I found this a fascinating book about the impact of music and the role it plays in connecting humans to one another. It challenged my largely western understanding of music and I delighted in the insights that African people can give to the meaning of music. However, the abiding impression of this book is the exquisite unpacking of what love truly is... not self interested and grasping but sacrificial and other centred, at all times allowing the other to be whoever he or she is. I shed tears at the beauty of this depiction of love. I also enjoyed Marion's style of blending what Jennie said with what she was thinking at the time. Thankfully she used quotation marks! It is a book that I will remember.
This for me was a slow read as I felt the need to savour it. I remember learning about apartheid in my youth and joining amnesty international when I was a sixth former and part of it took me back to my youth but then I read about the mother who keeps up with the news as she feels she should but feels helpless to change anything so goes and does the gardening, I feel similar about today’s news of war, conflict and corrupt politicians, how little changes. Love the theme of music connecting people and the theme of having to accept people as they are.

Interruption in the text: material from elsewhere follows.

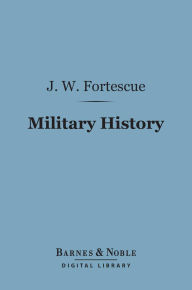 Title: Military History (Barnes & Noble Digital Library): Lectures Delivered at Trinity College, Cambridge, Author: J. W. Fortescue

Loved this book! Very cleverly written, she ties everything up so neatly. Was definitely left wanting more. Story of exile during apartheid South Africa, a young woman knowing who she is, but discovering how she fits in this displaced world. The theme of music and children is beautiful. The love story between her friends and partner is rich, complicated and beautiful. Would love to pick up another book similar to this.
The writing was so choppy and hard to get into that I gave up about 50 pages in. And I hardly EVER fail to finish books. It just never worked for me - the detail was in all the wrong places, I failed to build any sympathy at all for Jennie, and it feels as if the reader is expected to know a whole lot of historical context to even make sense of what's going on (which I didn't). The story just fell completely flat for me.
A slow starter, but I got very involved in the story. As I read, I felt like much of it must be autobiographical (which is true, at least in part) because it feels so much like a memoir, but perhaps the lesson is that our lives don't have succinct plots, so why should we expect that of a novel?